Saying he’s usually the dose of “castor oil” to environmentally “clueless” corporations, environmental journalist Joel Makower told members of Berkeley’s Sustainable Business Alliance Friday that businesses need to practice environmental mentoring.
Acknowledging that he was preaching to the choir – those already committed to sustaining the environment – he said it’s time to deliver the message to the whole congregation.
Overall, the message is that the world of sustainable business practices can be integrated into what businesses already are doing. Instead of polluting with wastes, companies can recycle and get value for something they’ve already bought and paid for.
Changing a mindset begins with person to person contact, or mentoring in which skills are handed down, and he suggested the Sustainable Business Alliance act as a resource and broker for “changes we all want to see.”
In the process of teaching how to operate a environmentally sound business, he said, business owners will understand the processes involved in staying green, and they’ll benefit from being mentors.
Terry O’Keefe, chairman of the board of directors of Small Business Alliance: Berkeley, said, “I’m tired and embarrassed about perceptions about what business cares about. People say business could care less about people and the environment. We can make a difference.”
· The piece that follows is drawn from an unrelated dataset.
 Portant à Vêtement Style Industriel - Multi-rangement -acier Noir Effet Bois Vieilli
Bill Lambert, the city’s manager of economic development, said the city has listed approximately 250 green businesses with the Sustainable Business Alliance, which the city has funded, as the hub.
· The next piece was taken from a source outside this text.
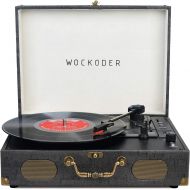 WOCKODER Turntable Record Player Portable Wireless 3 Speed Vinyl Record Player with Built-in Speakers Classic Vinyl Player Black Vintage Suitcase Turntable with Speakers Nostalgic Record Pl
He said the city wants to attract more green businesses, and he asked Makower how businesses can add value by sustaining the environment.
Makower said they can increase value in terms of environmental issues in different ways. Value can be measured in reduced costs, increased sales and increased quality, the ability to attract and retain customers, and also by receiving less regulatory oversight.
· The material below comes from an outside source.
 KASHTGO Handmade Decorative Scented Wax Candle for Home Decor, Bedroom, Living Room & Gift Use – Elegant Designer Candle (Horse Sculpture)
Dan Knapp, owner of Urban Ore, said he delivered an environmental service when he helped a company find a salvage site in San Francisco. He also said he was paid for finding it.
Businesses making environmental improvements can reap benefits in any of these areas, said Makower, an Oakland resident who has published the Green Business Letter for 10 years.
Recently he launched a new web site (GreenBiz.com), that provides links to the vast amount of available green information. He calls GreenBiz “The Resource Center on Business, the Environment and the Bottom Line.”
“Nobody sees how much is out there,” he said. “So we make it free to push it out to the larger business community.”
Three main categories appear on the GreenBiz Web site. Business Toolbox offers “a wealth of hands-on help for companies,” such what to do with a dead computer. Another category is Reference Desk with links to leading green business sites and government programs for business, and corporate environmental Web sites. The third feature, News Center, offers news and opinions from industry leaders.
Makower compared the web site, which is funded in part by Pitney Bowes Corporation and foundations, to the 1.0 versions of software in their first stages. In later versions he anticipates localizing the information.
“That’s (the web site) our contribution to the world of mentoring,” he said.